#### [DATASET EXCERPTS]
»»

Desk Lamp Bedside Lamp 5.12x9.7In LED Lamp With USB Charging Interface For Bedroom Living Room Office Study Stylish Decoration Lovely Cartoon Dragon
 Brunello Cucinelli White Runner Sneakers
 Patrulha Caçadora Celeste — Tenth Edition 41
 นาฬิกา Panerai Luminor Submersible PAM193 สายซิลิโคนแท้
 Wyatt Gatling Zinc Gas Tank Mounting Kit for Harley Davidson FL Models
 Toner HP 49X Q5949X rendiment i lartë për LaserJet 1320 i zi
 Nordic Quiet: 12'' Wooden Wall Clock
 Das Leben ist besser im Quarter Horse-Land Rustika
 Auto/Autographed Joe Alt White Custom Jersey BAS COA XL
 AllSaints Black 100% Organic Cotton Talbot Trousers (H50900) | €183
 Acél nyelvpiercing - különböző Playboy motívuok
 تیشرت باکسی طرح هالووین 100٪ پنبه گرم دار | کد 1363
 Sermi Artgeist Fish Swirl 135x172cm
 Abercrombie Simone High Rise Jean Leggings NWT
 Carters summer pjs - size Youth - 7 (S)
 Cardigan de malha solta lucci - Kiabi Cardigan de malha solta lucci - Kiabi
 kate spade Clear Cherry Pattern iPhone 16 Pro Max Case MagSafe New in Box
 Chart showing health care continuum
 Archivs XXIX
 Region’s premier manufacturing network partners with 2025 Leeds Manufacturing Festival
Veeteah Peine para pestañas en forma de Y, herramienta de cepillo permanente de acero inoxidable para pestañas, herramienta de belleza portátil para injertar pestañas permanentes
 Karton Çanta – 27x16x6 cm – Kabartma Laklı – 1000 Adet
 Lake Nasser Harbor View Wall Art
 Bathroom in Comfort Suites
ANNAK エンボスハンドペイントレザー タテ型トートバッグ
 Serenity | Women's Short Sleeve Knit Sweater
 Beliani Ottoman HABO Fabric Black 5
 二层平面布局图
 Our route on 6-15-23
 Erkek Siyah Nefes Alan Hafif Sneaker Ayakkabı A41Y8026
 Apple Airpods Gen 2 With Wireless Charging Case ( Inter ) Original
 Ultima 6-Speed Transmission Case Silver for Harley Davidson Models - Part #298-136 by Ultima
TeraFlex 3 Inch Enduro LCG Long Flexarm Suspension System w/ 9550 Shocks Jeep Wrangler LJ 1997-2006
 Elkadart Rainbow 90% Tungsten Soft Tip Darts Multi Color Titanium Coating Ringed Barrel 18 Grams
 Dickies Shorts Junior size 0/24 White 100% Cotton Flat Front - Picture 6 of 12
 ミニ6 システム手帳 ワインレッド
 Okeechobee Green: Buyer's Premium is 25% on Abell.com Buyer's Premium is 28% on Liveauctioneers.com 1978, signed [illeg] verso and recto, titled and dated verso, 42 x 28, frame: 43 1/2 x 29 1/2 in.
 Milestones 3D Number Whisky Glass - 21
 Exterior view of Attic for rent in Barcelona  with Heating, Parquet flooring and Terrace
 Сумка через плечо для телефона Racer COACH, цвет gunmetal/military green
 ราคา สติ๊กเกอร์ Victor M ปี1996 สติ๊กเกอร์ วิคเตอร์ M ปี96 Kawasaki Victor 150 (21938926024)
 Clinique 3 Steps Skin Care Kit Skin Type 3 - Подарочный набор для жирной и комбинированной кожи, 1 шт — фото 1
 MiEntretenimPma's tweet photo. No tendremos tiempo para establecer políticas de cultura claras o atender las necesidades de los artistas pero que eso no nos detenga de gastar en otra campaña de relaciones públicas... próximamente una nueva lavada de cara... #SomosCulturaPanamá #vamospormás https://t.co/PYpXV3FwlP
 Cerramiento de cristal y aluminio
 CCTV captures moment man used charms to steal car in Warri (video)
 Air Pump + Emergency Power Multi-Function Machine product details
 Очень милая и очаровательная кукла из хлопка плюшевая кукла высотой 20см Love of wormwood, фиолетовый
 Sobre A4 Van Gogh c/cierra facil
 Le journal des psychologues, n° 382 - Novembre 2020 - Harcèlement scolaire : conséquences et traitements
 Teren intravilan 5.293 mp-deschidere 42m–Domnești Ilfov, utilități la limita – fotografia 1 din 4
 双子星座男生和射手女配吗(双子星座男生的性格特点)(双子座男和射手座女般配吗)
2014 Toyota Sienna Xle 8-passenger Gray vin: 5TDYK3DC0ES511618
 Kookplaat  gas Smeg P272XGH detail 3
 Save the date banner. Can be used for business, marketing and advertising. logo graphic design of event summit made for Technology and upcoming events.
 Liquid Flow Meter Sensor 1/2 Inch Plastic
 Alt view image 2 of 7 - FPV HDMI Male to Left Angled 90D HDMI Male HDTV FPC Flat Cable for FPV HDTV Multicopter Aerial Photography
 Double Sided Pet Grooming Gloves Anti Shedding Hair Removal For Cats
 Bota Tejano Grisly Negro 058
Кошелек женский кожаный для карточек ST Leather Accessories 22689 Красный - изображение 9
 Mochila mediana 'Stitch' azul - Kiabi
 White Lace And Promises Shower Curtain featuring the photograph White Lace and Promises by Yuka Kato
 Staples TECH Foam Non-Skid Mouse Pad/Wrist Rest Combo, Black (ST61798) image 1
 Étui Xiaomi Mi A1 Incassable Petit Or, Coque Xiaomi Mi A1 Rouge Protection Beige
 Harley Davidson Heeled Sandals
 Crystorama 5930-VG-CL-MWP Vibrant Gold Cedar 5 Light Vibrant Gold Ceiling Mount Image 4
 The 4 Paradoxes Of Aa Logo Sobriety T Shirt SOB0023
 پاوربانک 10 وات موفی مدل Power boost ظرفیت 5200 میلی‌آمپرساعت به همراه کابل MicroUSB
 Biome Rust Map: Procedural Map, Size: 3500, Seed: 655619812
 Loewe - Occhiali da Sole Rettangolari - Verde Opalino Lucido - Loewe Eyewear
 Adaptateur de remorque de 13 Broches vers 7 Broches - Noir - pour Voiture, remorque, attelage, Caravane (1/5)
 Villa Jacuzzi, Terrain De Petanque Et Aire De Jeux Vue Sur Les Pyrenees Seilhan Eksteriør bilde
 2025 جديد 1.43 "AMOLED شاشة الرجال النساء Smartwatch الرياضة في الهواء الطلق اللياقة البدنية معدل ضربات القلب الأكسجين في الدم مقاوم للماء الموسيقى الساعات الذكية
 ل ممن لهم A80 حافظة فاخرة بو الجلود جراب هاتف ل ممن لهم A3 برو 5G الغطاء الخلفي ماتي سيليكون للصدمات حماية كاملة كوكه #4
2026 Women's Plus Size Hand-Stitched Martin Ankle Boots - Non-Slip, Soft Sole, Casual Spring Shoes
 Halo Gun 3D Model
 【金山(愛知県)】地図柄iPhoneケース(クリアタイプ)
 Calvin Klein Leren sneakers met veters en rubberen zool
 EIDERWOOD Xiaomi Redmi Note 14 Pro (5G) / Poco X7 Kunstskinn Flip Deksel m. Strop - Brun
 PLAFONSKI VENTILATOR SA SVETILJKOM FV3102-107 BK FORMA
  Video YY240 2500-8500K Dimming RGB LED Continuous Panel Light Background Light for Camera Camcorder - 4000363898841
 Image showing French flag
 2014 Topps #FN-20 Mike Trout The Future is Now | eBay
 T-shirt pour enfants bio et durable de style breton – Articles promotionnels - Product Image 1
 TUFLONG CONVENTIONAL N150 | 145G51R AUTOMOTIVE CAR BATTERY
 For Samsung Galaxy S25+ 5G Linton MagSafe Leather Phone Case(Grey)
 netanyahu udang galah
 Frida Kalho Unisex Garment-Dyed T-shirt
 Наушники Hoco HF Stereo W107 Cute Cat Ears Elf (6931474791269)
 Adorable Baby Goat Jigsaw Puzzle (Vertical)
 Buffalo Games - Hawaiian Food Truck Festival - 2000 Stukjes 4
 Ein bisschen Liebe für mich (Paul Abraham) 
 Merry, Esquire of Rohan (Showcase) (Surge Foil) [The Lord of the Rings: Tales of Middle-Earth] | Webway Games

««

#### [INSTRUCTIONS TO FOLLOW]
Could you set down, word for word, only the lines above from the line with "Alt view image" to the line with "Mochila mediana 'Stitch' azul - Kiabi", including both?

#### [REPLY]
 Alt view image 2 of 7 - FPV HDMI Male to Left Angled 90D HDMI Male HDTV FPC Flat Cable for FPV HDTV Multicopter Aerial Photography
 Double Sided Pet Grooming Gloves Anti Shedding Hair Removal For Cats
 Bota Tejano Grisly Negro 058
Кошелек женский кожаный для карточек ST Leather Accessories 22689 Красный - изображение 9
 Mochila mediana 'Stitch' azul - Kiabi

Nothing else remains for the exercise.